• [GOAL OF THE EXERCISE]
Each line from the one containing "So in here you'll" to the end of the material below is to be restated exactly, with pictures skipped.
──────
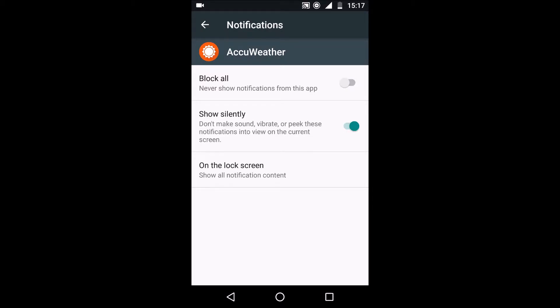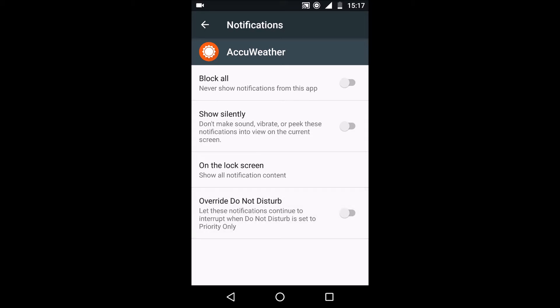You can also make it show them silently and you can override do not disturb but that's probably irrelevant.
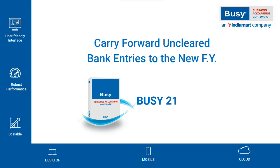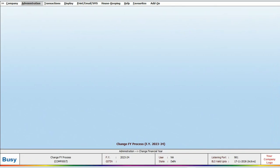Carry Forward Uncleared Bank Entries to the New Financial Year. During the change of the financial year, multiple uncleared bank entries remain unresolved in that financial year. In such cases, how do we carry forward uncleared bank entries to the new financial year in BUSY? Let's see.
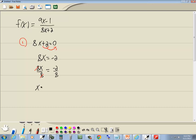And we get x is equal to negative 2 eighths, which reduces to negative 1 fourth. Now this is the value that if I plug it back into my original problem, it's going to cause a 0 in the denominator. We can't have the denominator equaling 0.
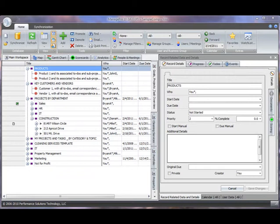The first is the ability to email out to assign and notify. All records, to-dos, progress updates, and events can be emailed out of ManagePro with the simple right-click option.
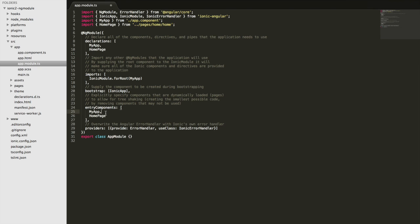So in here you'll just put any pages that you've created in your Ionic application. So it's got the homepage here by default, but if you go ahead and create some other pages, you should add them here. You don't just copy everything in the declarations to the entry components.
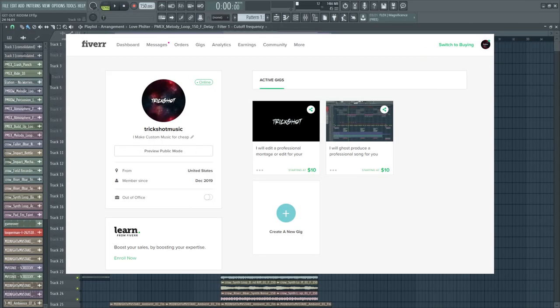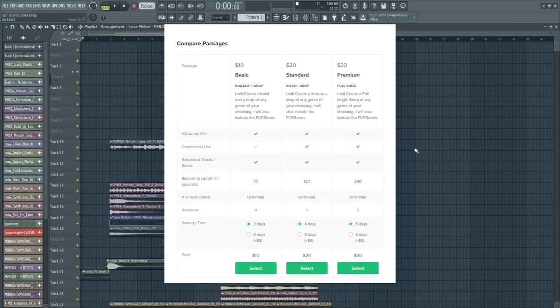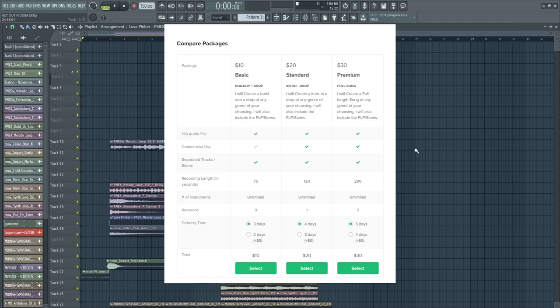For the Fiverr I have ghost production that will include the FLP, the stems and other essential items that you need. There's also different options and you can even use some for your commercial use which means you can put it on Spotify and such.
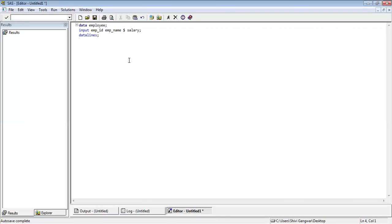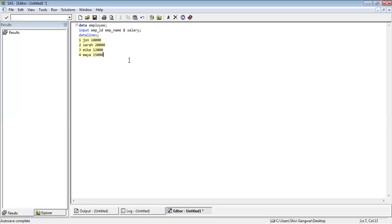The first line of data: employee ID 1, employee name John, salary of John 10,000. Then Sarah with salary 20,000. Then Maya with salary 15,000. After writing the data lines you write a semicolon. Once you write the semicolon here you can see that the color has changed — earlier it was yellow, now it is blue and normal black.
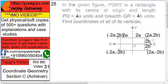PQRS is a rectangle. PQ equals 4A, QR equals 4B, and you have to find the coordinates. O is the origin.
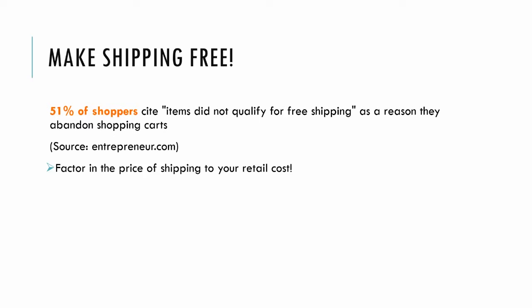One of the more recent stats was from Entrepreneur.com - 51% of shoppers. So don't even make this an issue and just factor the price of shipping into your retail cost and set your shipping to $0.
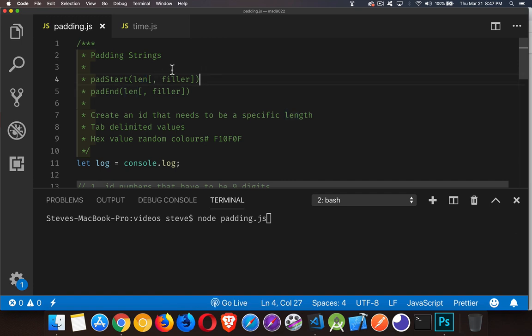Then, optionally, you can specify what you want to be the filler character. Do I want to put spaces, zeros, or a word and then have that word repeated to fill in the space? If you do not provide a filler character, it's going to be the space character.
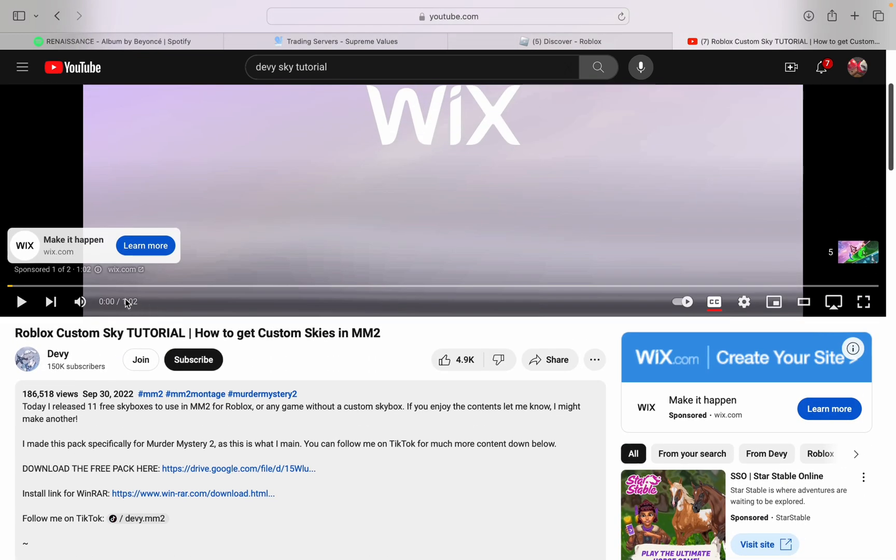Now you can watch the full video to know how to do it on a different type of PC, like an Acer or something like that. But since we're on Mac, we're going to want to do this differently. First, you're going to click Download the Free Pack here, and you're just going to click the link.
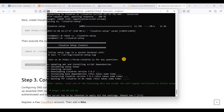We have installed Cloudron on our VPS. Enter Y so that we can reboot our server.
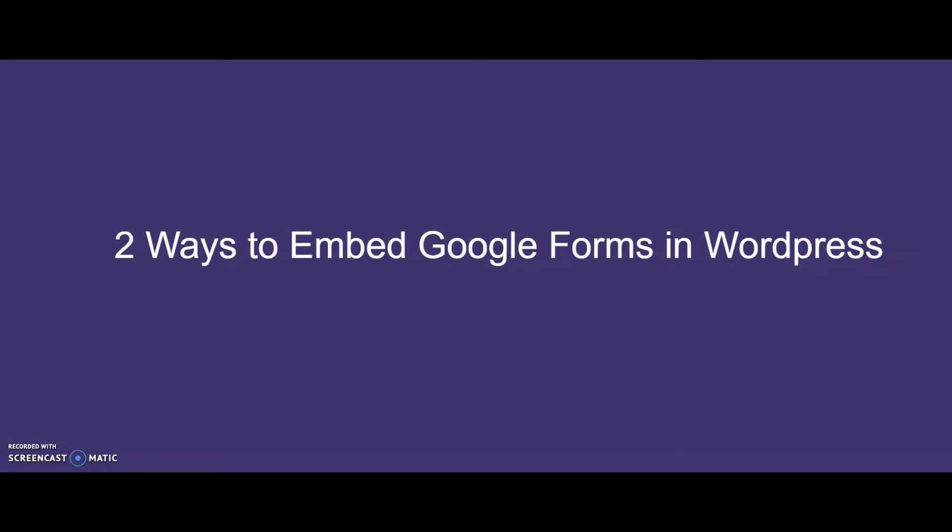Hi everyone, this is Ashwat. Today I will be talking to you about the two ways you can embed your Google Form into your WordPress site.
──────
• [RESPONSE TO THE TASK]
So in here you'll just put any pages that you've created in your Ionic application. So it's got the homepage here by default, but if you go ahead and create some other pages, you should add them here. You don't just copy everything in the declarations to the entry components.
For the Fiverr I have ghost production that will include the FLP, the stems and other essential items that you need. There's also different options and you can even use some for your commercial use which means you can put it on Spotify and such.
The first line of data: employee ID 1, employee name John, salary of John 10,000. Then Sarah with salary 20,000. Then Maya with salary 15,000. After writing the data lines you write a semicolon. Once you write the semicolon here you can see that the color has changed — earlier it was yellow, now it is blue and normal black.
PQRS is a rectangle. PQ equals 4A, QR equals 4B, and you have to find the coordinates. O is the origin.
One of the more recent stats was from Entrepreneur.com - 51% of shoppers. So don't even make this an issue and just factor the price of shipping into your retail cost and set your shipping to $0.
Then, optionally, you can specify what you want to be the filler character. Do I want to put spaces, zeros, or a word and then have that word repeated to fill in the space? If you do not provide a filler character, it's going to be the space character.
Now you can watch the full video to know how to do it on a different type of PC, like an Acer or something like that. But since we're on Mac, we're going to want to do this differently. First, you're going to click Download the Free Pack here, and you're just going to click the link.
We have installed Cloudron on our VPS. Enter Y so that we can reboot our server.
Hi everyone, this is Ashwat. Today I will be talking to you about the two ways you can embed your Google Form into your WordPress site.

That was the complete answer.